Само литературное существование Олега Чухонцева было, хоть не подчеркнуто — самоутверждение не его грех, — но явно «штучным», и если тут неприменима метафора другого поэта, сказавшего о себе, что он — кактус, но с шипами, растущими внутрь, то лишь потому, что для Чухонцева кактус чересчур экзотичен. Его цветок — ваня мокрый, знакомый с павлово-посадского детства, и, главное сам он далек от демонстрации стихотворческих мук. Описав в стихотворении южного чистильщика сапог, маниакально поддерживающего свое природное сходство со Сталиным, и попытавшись проникнуть в его двоящееся сознание, он вдруг обнаруживает в комичном двойнике Генералиссимуса, странно сказать, собственного двойника: «Как непосильно быть самим собой. / И он, и я — мы, в сущности, в подполье, / но ведь нельзя же лепестками внутрь / цвести — или плоды носить в бутоне! / Как непосильно жить. Мы двойники / убийц и жертв». Но душа, пугливо прячущаяся в подполье, в то же время ищет выхода, воплощаясь во многих и многих, из которых, быть может, самое родственное воплощение — «питух и байбак» Дельвиг из ранних стихов: «Сидит мой двойник в полуночной тоске. / Холодная трубка в холодной руке. / И рад бы стараться — да нечем помочь, / уж больно долга петербургская ночь».

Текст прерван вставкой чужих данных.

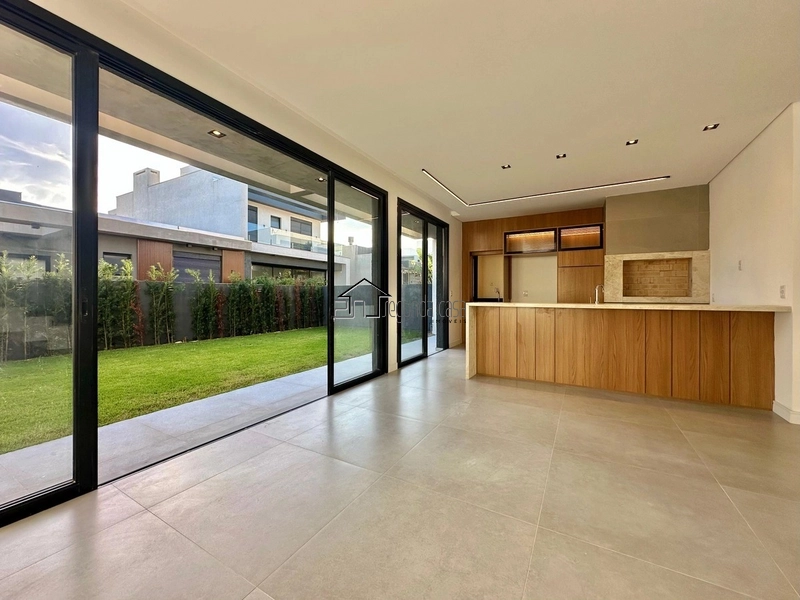 Sobrado novo no Blue: 5ª foto da galeria de imagens do imóvel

Незачем спрашивать, вписывается ли поэт, так выясняющий — в 1967 году — свои отношения с родиной: «Прости мне, родная страна, / за то, что ты так ненавистна. / Прости мне, родная чужбина, / за то, что прикушен язык. / Покуда подлы времена, / я твой поперечник, отчизна. / И все же прости, если мимо / пройду, приподняв воротник», — вписывается ли он, один из лучших поэтов своей эпохи, в ее общую картину, представленную книгой Петра Вайля и Александра Гениса 60-е. Мир советского человека (1996). Такую: «Целое поколение советских людей твердило как заклинание: „Ты спрашивала шепотом: „А что потом? А что потом?“ (Скандально нашумевшее в те целомудренные времени стихотворение Евтушенко.) Или: „Шестидесятники топили себя в бескрайнем море Романтики“, как, добавляют остроумные авторы, мигрирующие стадами грызуны-лемминги. „…Шестидесятники не окали и не акали, а объяснялись на усредненном говоре, восходящем если не к Хемингуэю, то к Гладилину…““».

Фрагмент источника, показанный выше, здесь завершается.